TerasIndonesiaNews.com – Jakarta | Minggu, 19 Juli 2026
Pengamat Sosial Politik sekaligus Direktur Eksekutif Citra Komunikasi LSI Denny JA, Toto Izul Fatah, menilai Indonesia tengah menghadapi darurat perceraian yang mengancam ketahanan keluarga, moral, hingga masa depan bangsa.

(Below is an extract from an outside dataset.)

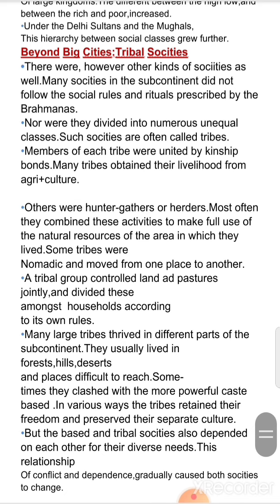The Maharashtra highlands and Karnataka were home to the Kolis, Berads, and numerous others. Kolis also lived in many areas of Gujarat. Further south there were large tribal populations of Koragas, Vetars, Maravars, and many others. A large tribe — the Bhils — was spread across western and central India. By the late 16th century, many of them had become settled agriculturalists and some had even become zamindars. The Gonds were found in great numbers across present-day Chhattisgarh, Madhya Pradesh, Maharashtra, and Andhra Pradesh.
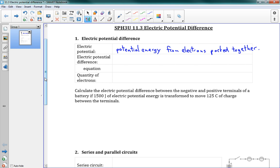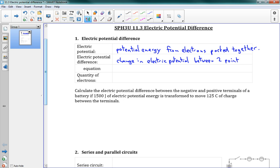Electric potential difference is just the change in electric potential between two points. Our symbol for electric potential difference is V — you might have seen that before. V for voltage — that is electric potential difference.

Menurutnya, lonjakan angka perceraian bukan sekadar persoalan rumah tangga, melainkan krisis sosial yang berdampak luas terhadap anak, perempuan, dan stabilitas masyarakat. Data menunjukkan pada 2025 tercatat 438.168 kasus perceraian, sementara pada awal 2026 laporan perkara perceraian telah mencapai sekitar 399 ribu kasus.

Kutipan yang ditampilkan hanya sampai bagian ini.